### TASK INSTRUCTIONS
What you write should match, word for word, the lines from the one containing "Sherwood Forest - Residential Lease" through the end of the data, with no pictures.

### DATA
━━━━━━━━━━
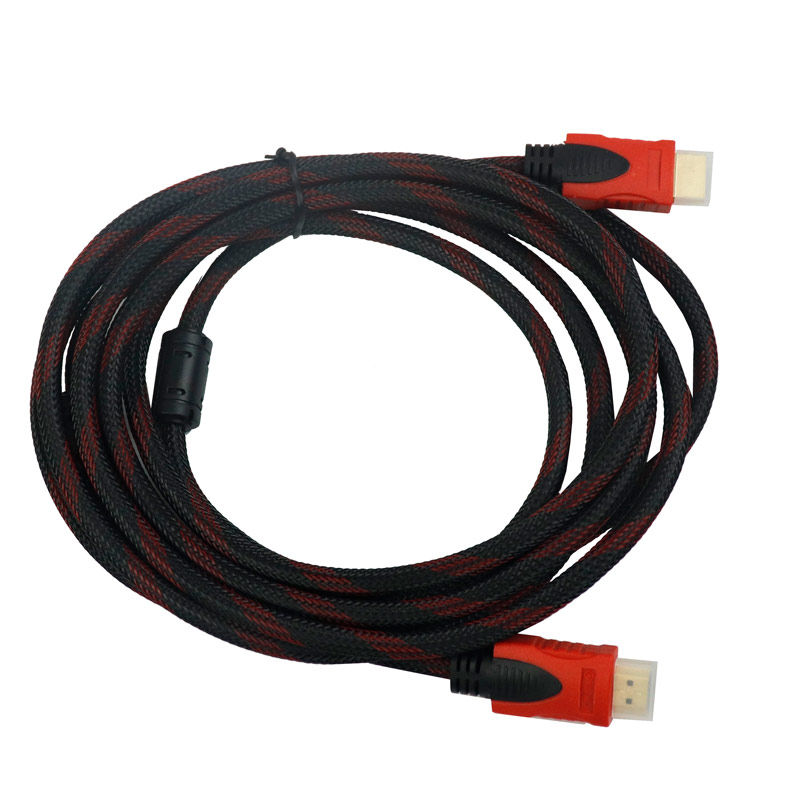 کابل ProOne PCH73 HDMI 3m پوست ماری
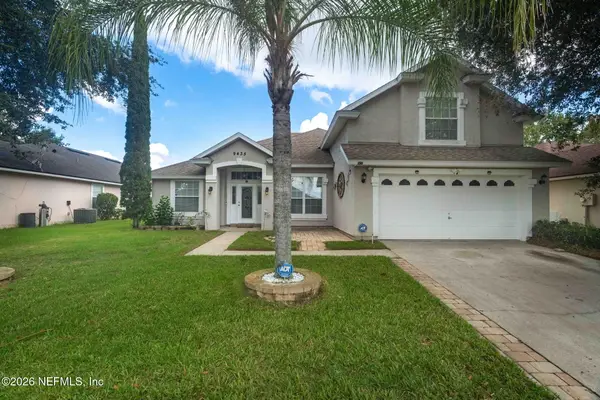9435 Prosperity Lake Drive, Jacksonville, FL 32244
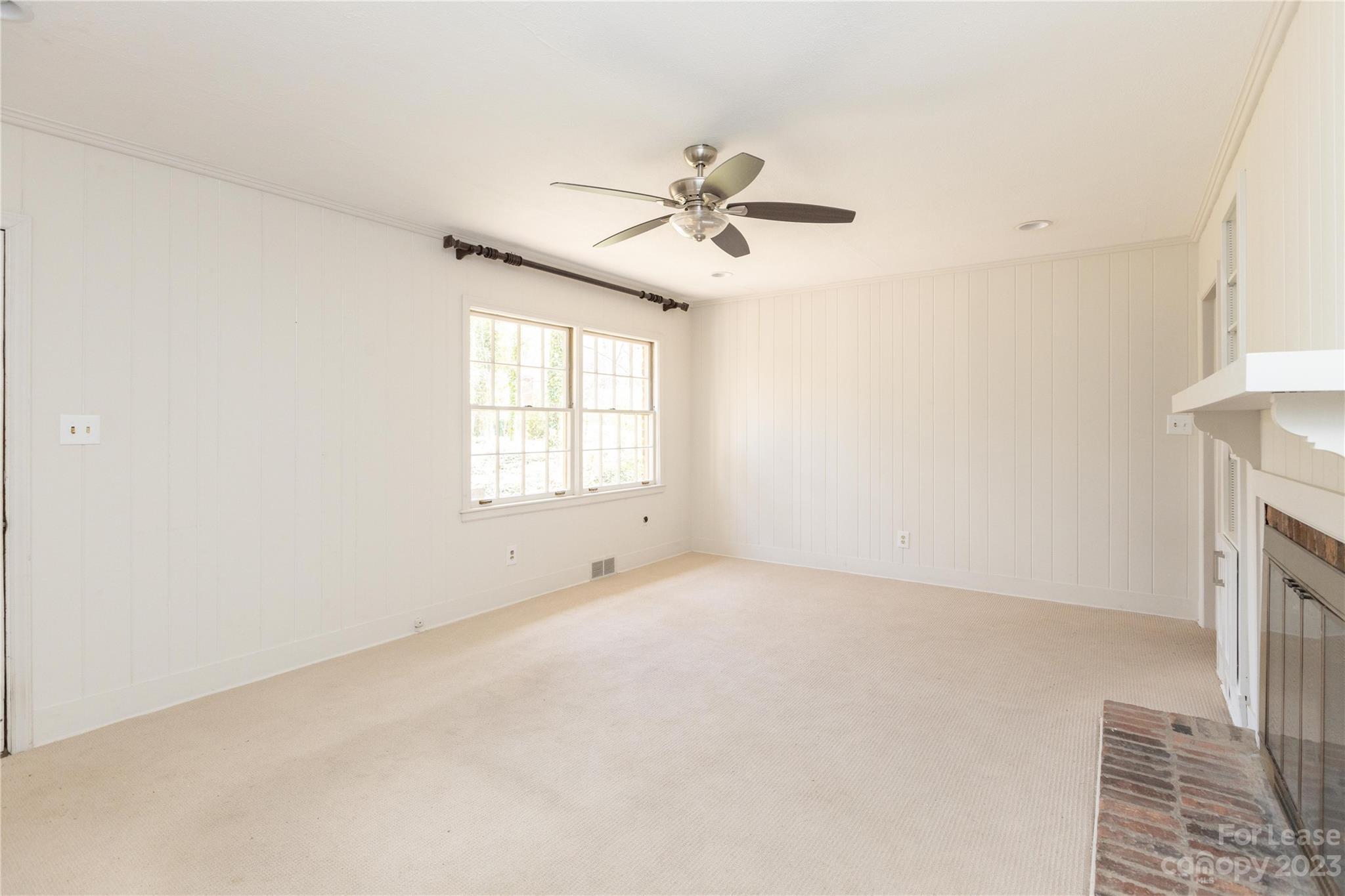 Sherwood Forest - Residential Lease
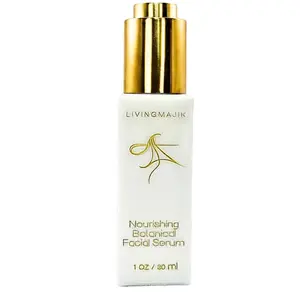Nourishing Botanical Facial Serum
━━━━━━━━━━
### ANSWER FOR THIS EXERCISE
 Sherwood Forest - Residential Lease
Nourishing Botanical Facial Serum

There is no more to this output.